Friday the Thirteenth (2009) review


    Happy Halloween, folks!

    Today as a special treat, I'm going to be reviewing a horror movie which tried to re-bottle lightning. It's not one of my favorites but tries so very hard. I think it deserves to have its efforts recognized even if the results were underwhelming.

    I speak of the Friday the Thirteenth reboot.

    Jason Voorhees is one of my favorite movie monsters of all time. He's up there with Dracula, Frankenstein, and the Wolfman in my opinion. The thing is, I recognize Jason is kind of an accidental success. He's a transparent rip-off of Michael Myers who came back as a zombie because they "almost" killed him four times.

    The producers are surprisingly candid about all this.

    I like the Friday movies more than I like the Halloween movies on a per movie average. Halloween and H20 are classics of horror cinema but the Friday movies are consistently schlocky fun the whole way through. That and the other Halloween movies are really-really bad. There's no "classic" Friday the Thirteenth but they're all entertaining.

This is why you should always take Dean with you, Sam.
    The reason for this is because Jason Voorhees is, if you're honest with yourself, a cartoon. He's the Wolverine of horror monsters. Jason's appeal is that he looks cool, can take any amount of punishment, and kills people in interesting ways. Jason's character, per se, doesn't actually matter all that much.

    Except when it does.

    Really, the greatest addition to Jason's character the movies made was making it so he never talked. You can project all manner of tragic motivations (or not) onto him without being contradicted. The most sympathetic reading of Jason's actions is the poor kid just wants to be left alone, doesn't understand death, and has a real hang-up about people coming to his turf to have sex.

    He's like the Hulk, that way, except with a machete.

    New Jason is not like the Hulk.

We get an explanation for why pot-heads keep coming to Crystal Lake, at least. Apparently, they have really good weed there.
    The 2009 reboot makes the mistake of attempting to take the F13 movies seriously. It takes the plots from the first three movies, distills them into one, and attempts to explain who Jason Voorhees is. If you need to explain who the monster is, you're doing a bad job of storytelling. We, the audience, are sometimes unobservant cretins but we don't need it spelled out Jason has mommy issues.
   
    New Jason is a wild man who lives in the woods, killing people who come to visit his home because he witnessed his mother getting murdered. He kidnaps women who remind him of his mother and holds them prisoner until they die. He's not a funny character and while you may question whether or not a slasher should be funny, Old Jason certainly was.
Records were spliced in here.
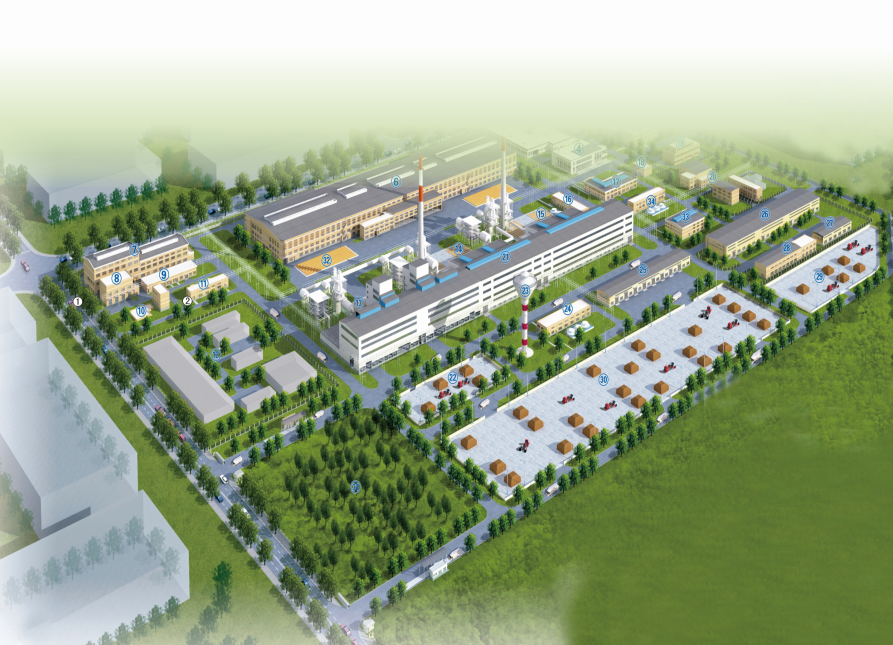 广西梧州年产30万吨再生铜冶炼电解建安总承包工程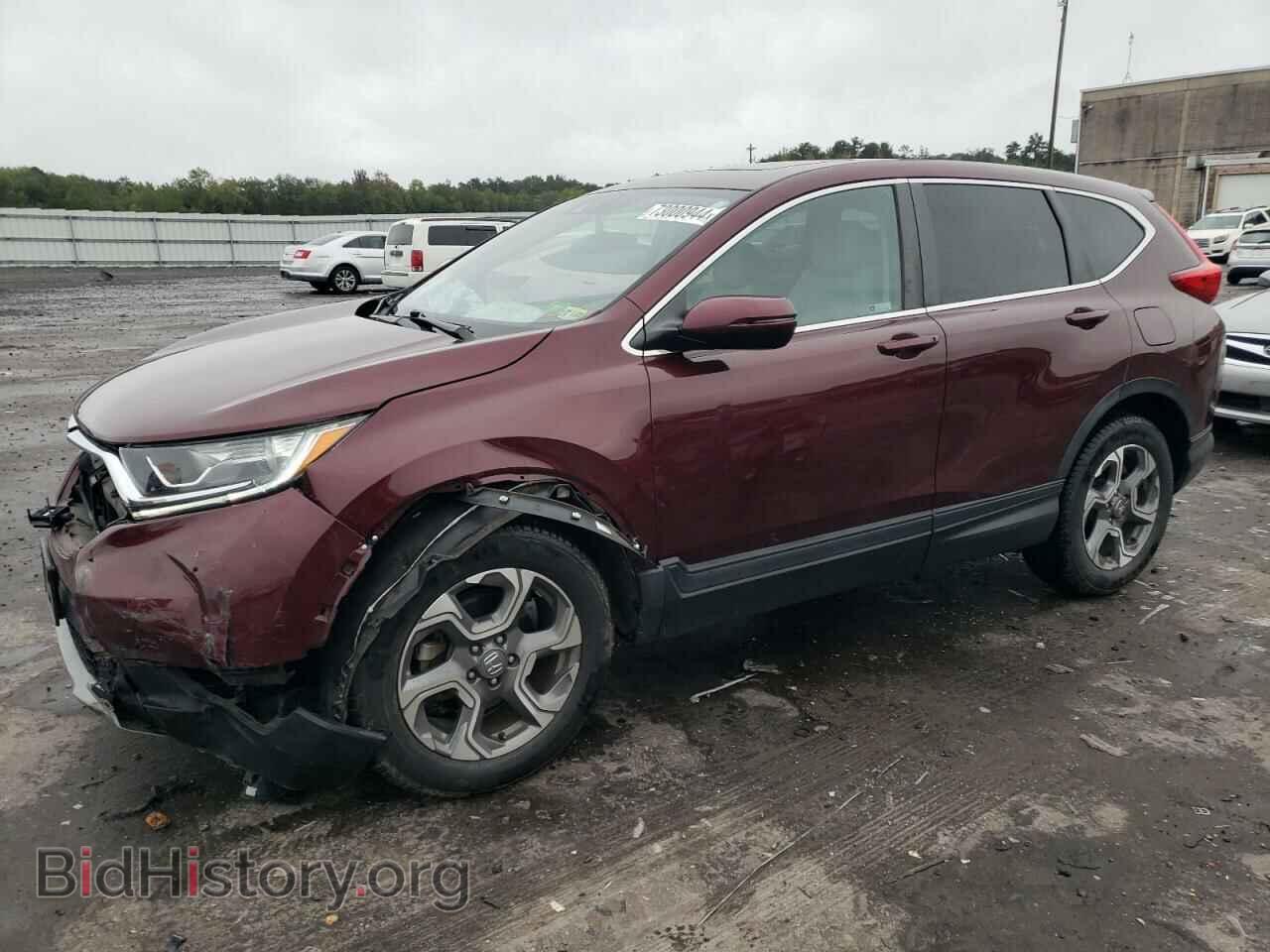 Фотография 7FARW2H87KE033372 - HONDA CRV 2019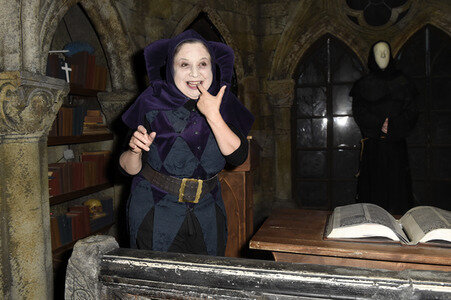 Exklusives Promi-Event im Berlin Dungeon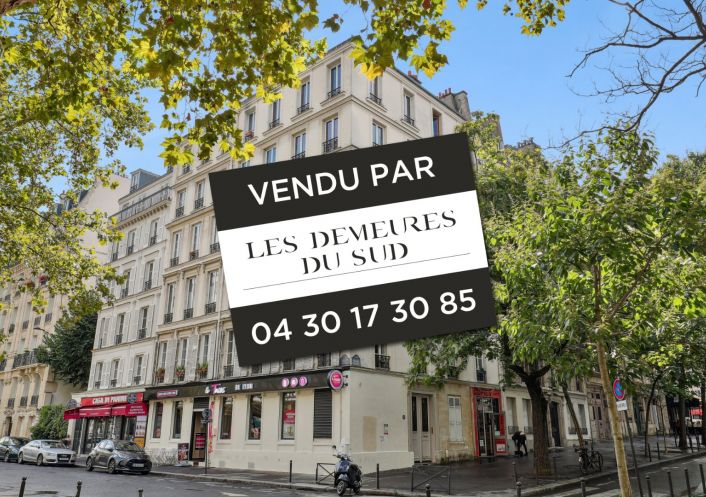 vente Appartement Paris 5eme Arrondissement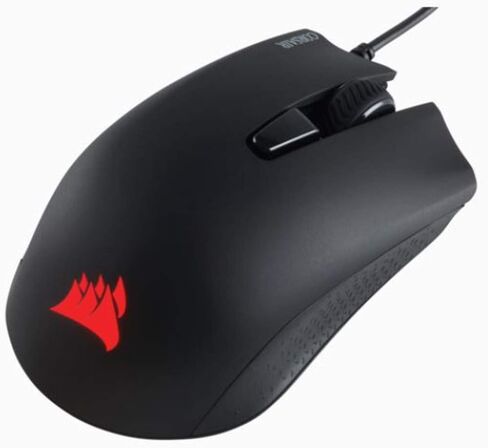 Corsair Harpoon- RGB Gaming Mouse 6,000 DPI Optical Sensor (Renewed) in Saudi Arabia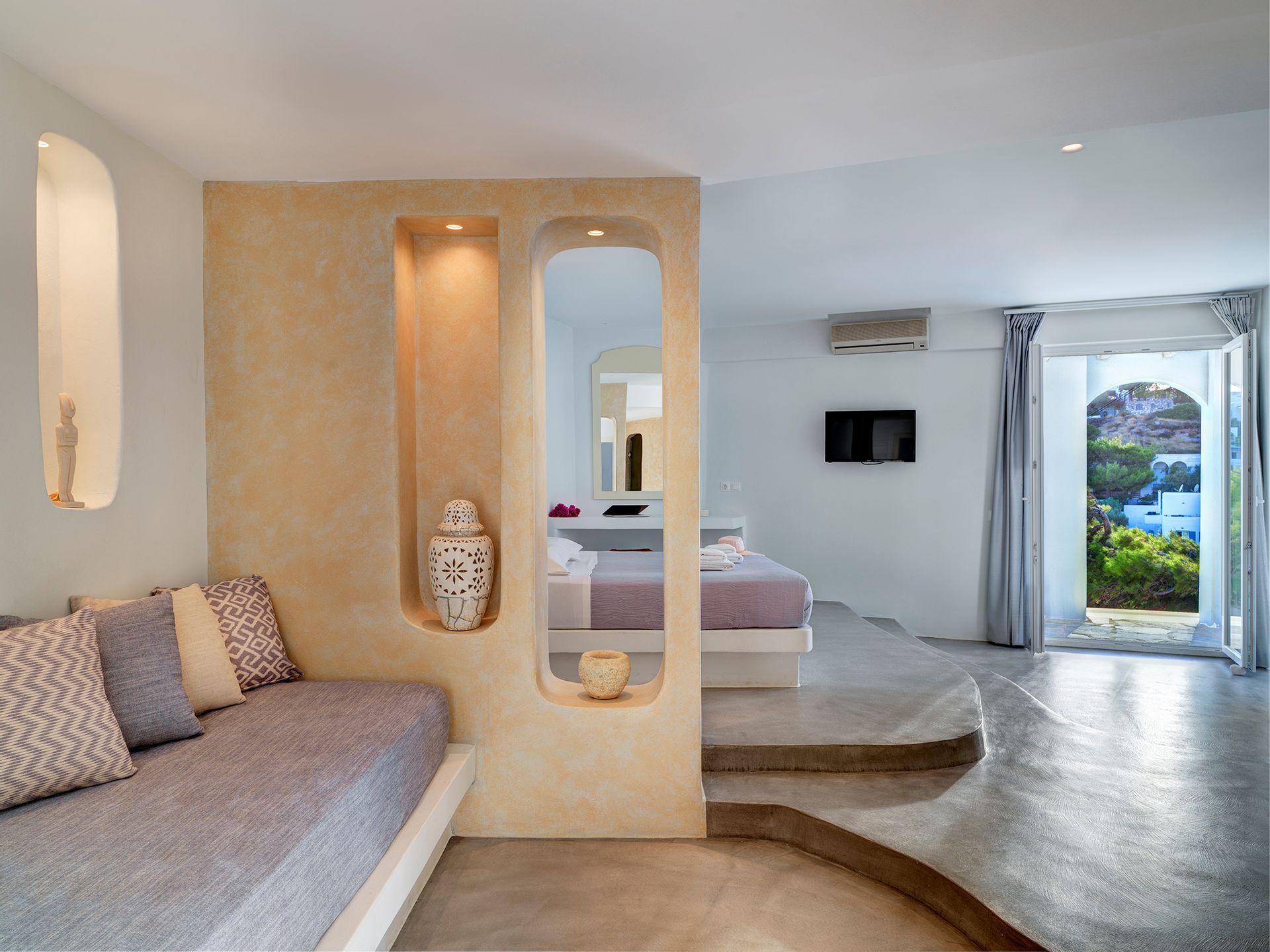 Aloni Hotel Paros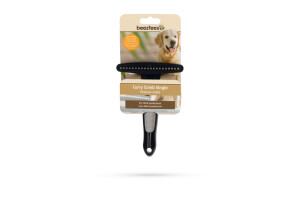 Beeztees Sık Alt Kürklü Köpek Tarağı, 15,5cm , 15,5x11x5cm - 4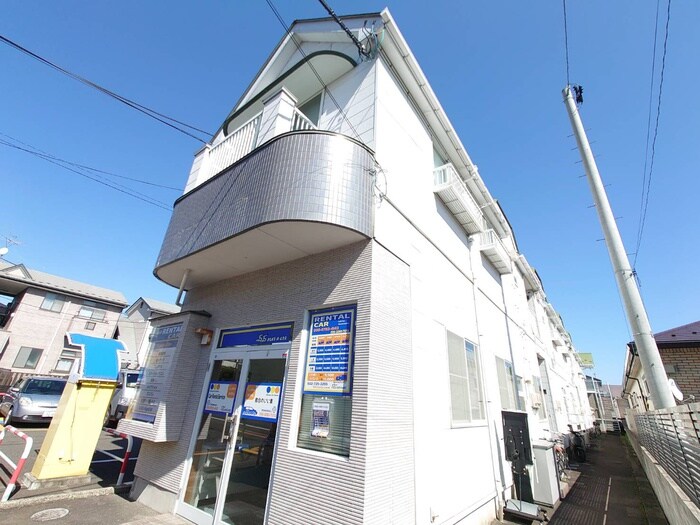 ｸﾞﾘｰﾝﾘｰﾌ南鍛冶町の物件外観写真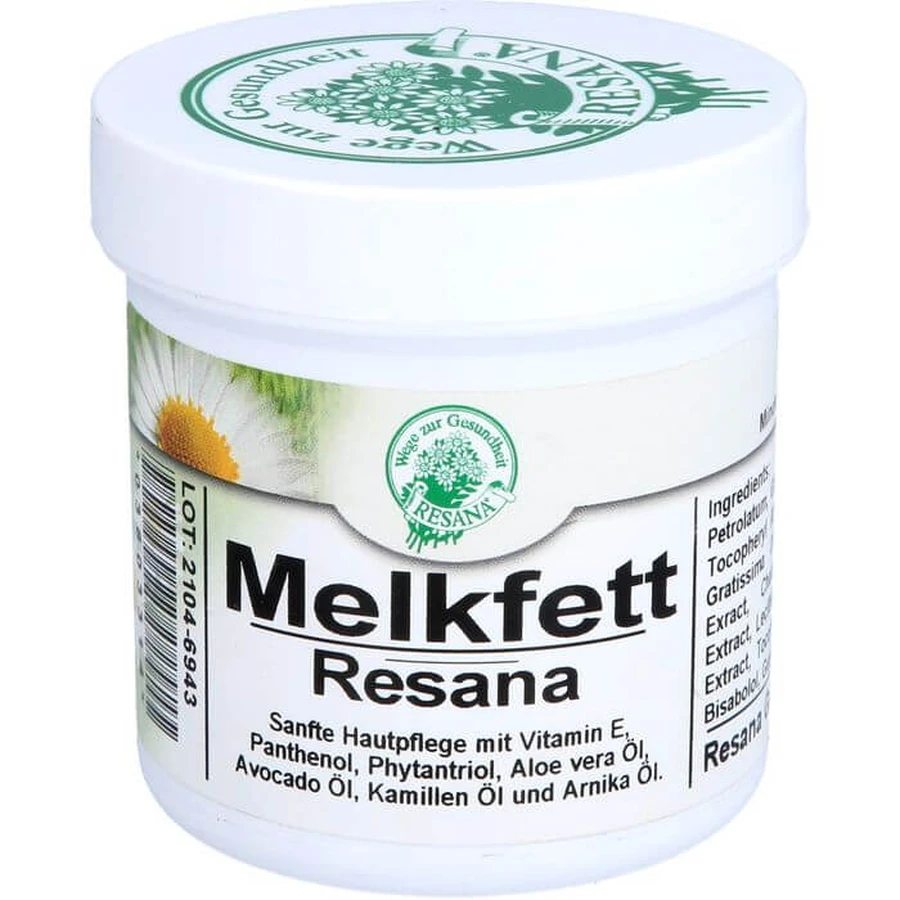 MELKFETT RESANA Pomada 100 ml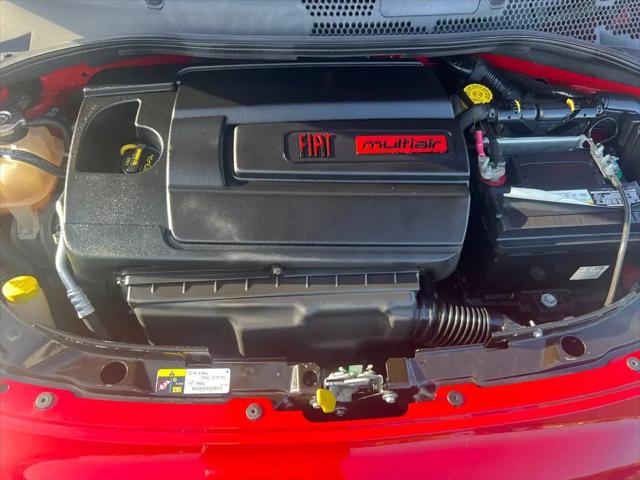 2012 Fiat 500c Lounge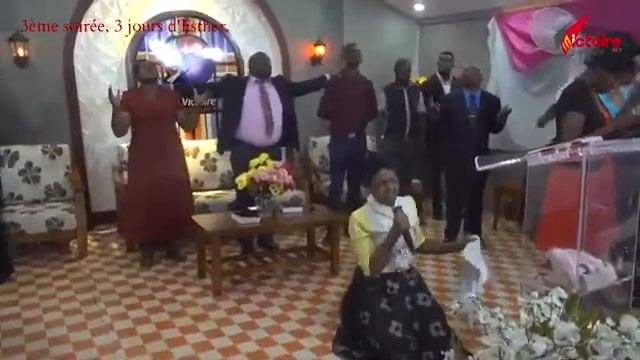 Mw vle wè ou, nan yon lòt nivo. Sr Marie Danielle Petit-Frere, Ministere Victoire Haiti смотреть онлайн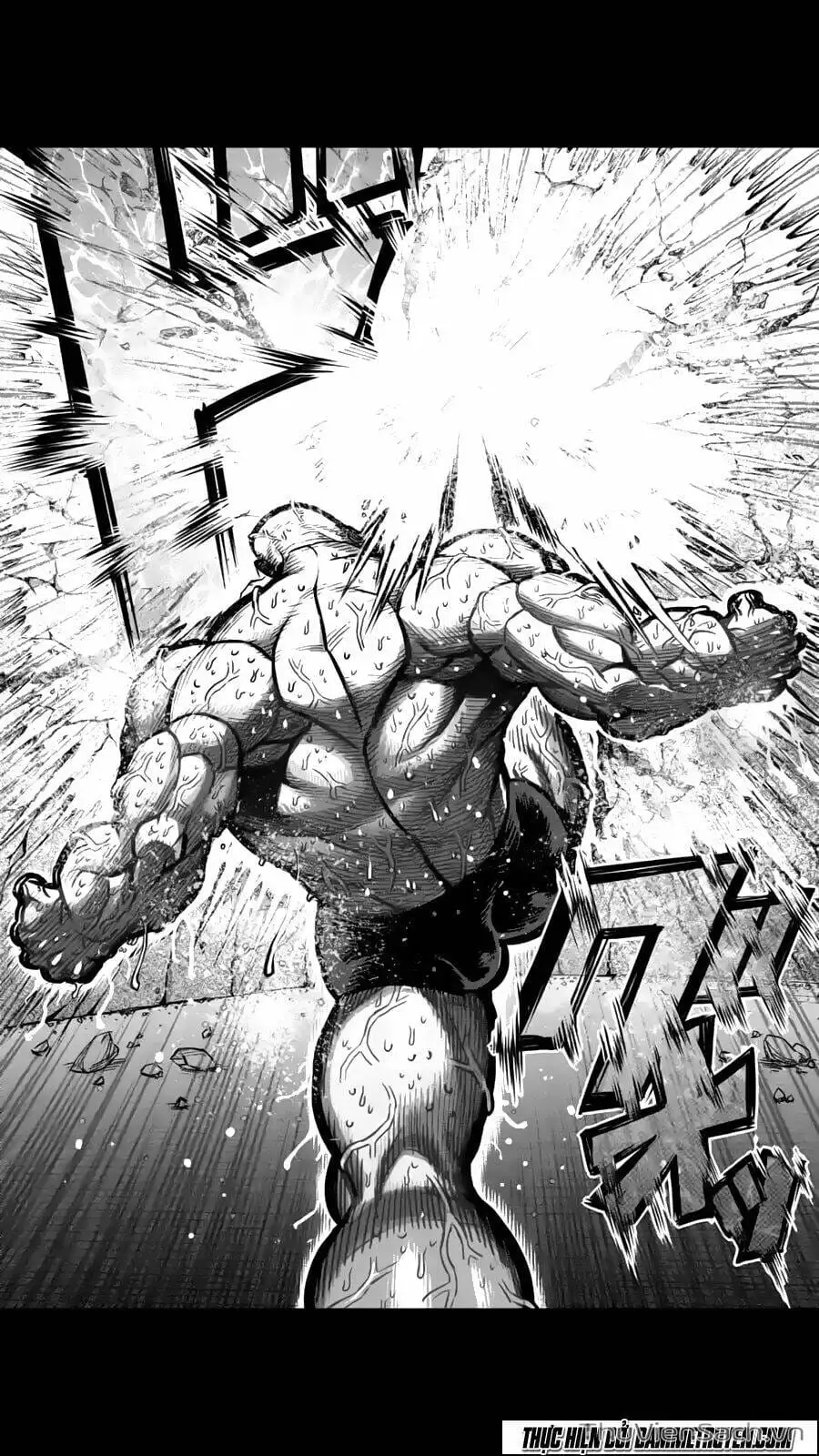 Truyện Tranh Tokita Ouma - Đấu Sĩ Atula trang 3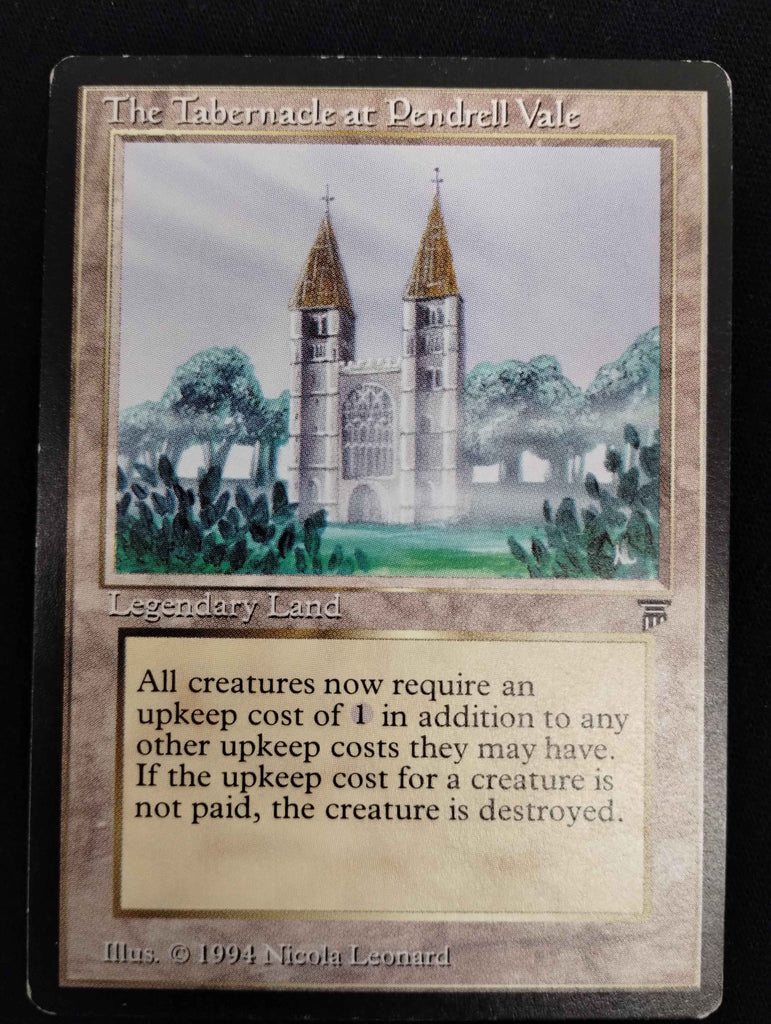 401 Games Canada - The Tabernacle at Pendrell Vale - Legends - MP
Amanda Righetti is lovely. Too bad she doesn't ever get a chance to act.
    Jason's choice of victim is also a bit different. They're still all a bunch of horny young people but, unfortunately, they're now likable horny young people. The majority of Jason's victims were ciphers and quite a few of them were [censored]. There were exceptions, Part II and IV were well-regarded for the fact you didn't want anyone to die, but everyone here is awesome except the designated rich a******.

    And, of course, he lasts to almost the very end.

    This is one of those rare Friday: The Thirteenth movies where I didn't want Jason to win and that's against the formula. I wanted one of the many cool victims in this movie to put him down. There's much to like in this film: Supernatural alumni Jared Padalecki more or less plays Sam and Amanda Righetti is stunning. There's plenty of fanservice, too, and it's unashamed of this fact. The kills are lacking their humor value, though, and whereas previous Jason would kill in a variety of fascinating ways--this Jason just stabs people with a machete.

    In conclusion, this is not the Friday the Thirteenth which will ignite the passions of millions. Slasher movies will never die but films like Scream and Cabin in the Woods remember that if you're going to make the victims the stars, they should fun. If the movie is making the monster the star, though, you should make them the one the audience roots for.